Your answer must be only the lines below from the one containing "Boutique 🐘 4pc" through the one containing "Used 2022 White Mercedes-Benz A 220 image 18", copied exactly, with the pictures left out.

> _Exercise data_:
****

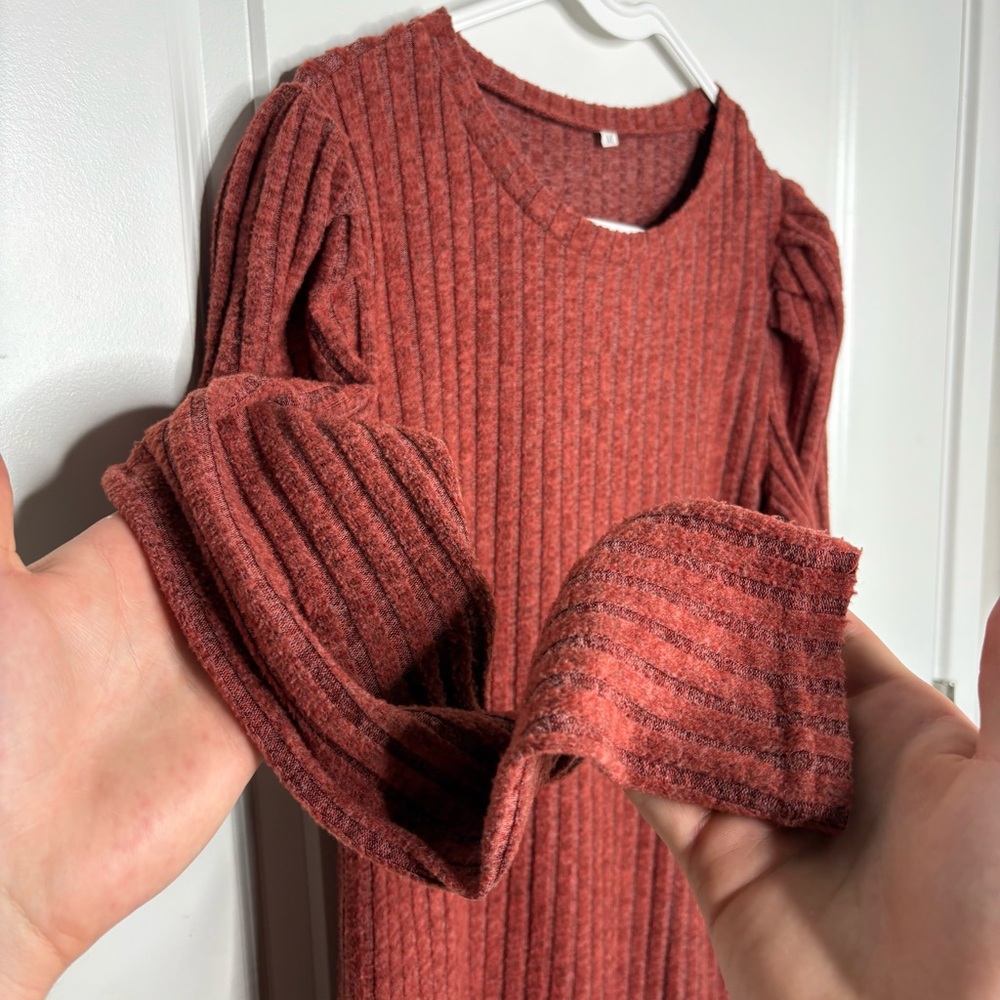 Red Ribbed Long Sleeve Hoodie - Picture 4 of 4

****

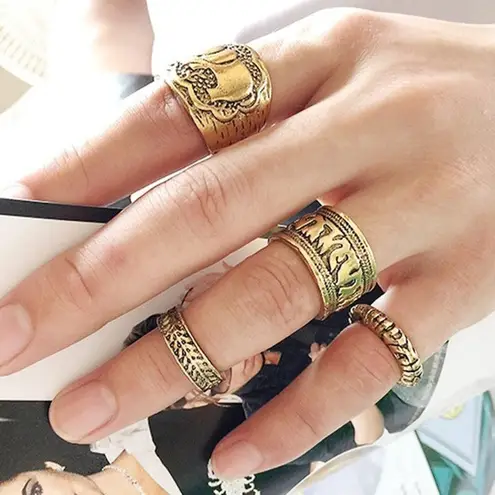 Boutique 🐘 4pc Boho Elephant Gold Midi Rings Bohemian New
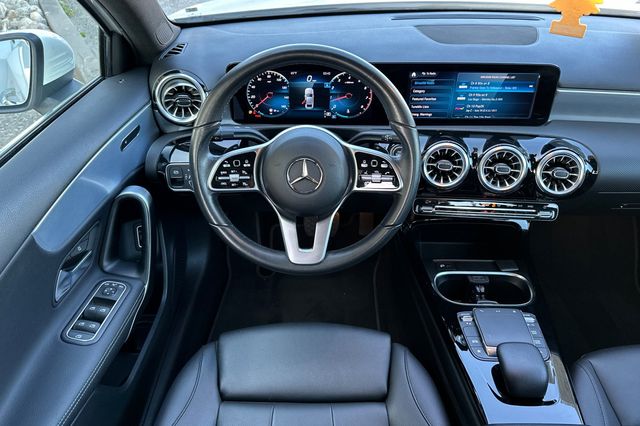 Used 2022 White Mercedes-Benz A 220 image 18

****

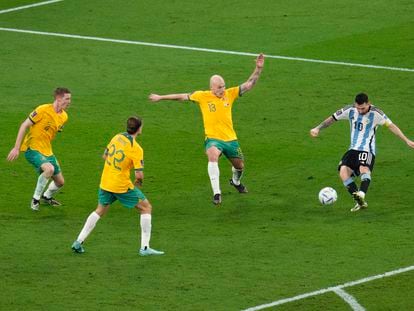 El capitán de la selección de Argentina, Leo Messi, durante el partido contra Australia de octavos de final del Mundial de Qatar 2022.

****

> _Your response_:
 Boutique 🐘 4pc Boho Elephant Gold Midi Rings Bohemian New
 Used 2022 White Mercedes-Benz A 220 image 18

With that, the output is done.